What the task asks:
Could the data below please be reproduced word for word, without the pictures?

The data:
◇ ◇ ◇ ◇ ◇

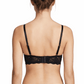 Woman wearing a black bra on a white background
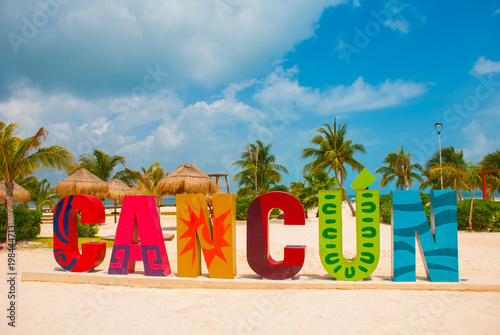 Cancun, Mexico, inscription in front of the Playa Delfines beach. Huge letters of the city name.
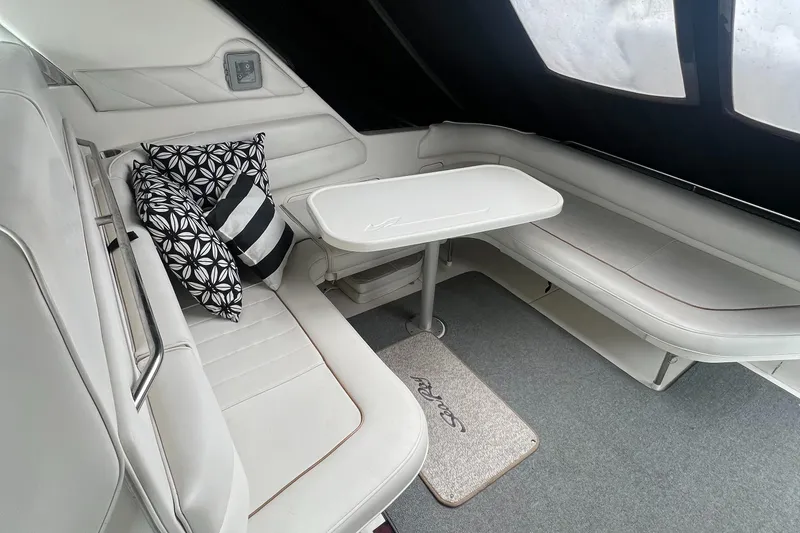 Slide: The Image of 1997 Sea Ray 370 Sundancer interior with white seating, table, and decorative pillows. - 15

◇ ◇ ◇ ◇ ◇

Result of the task:
 Woman wearing a black bra on a white background
 Cancun, Mexico, inscription in front of the Playa Delfines beach. Huge letters of the city name.
 Slide: The Image of 1997 Sea Ray 370 Sundancer interior with white seating, table, and decorative pillows. - 15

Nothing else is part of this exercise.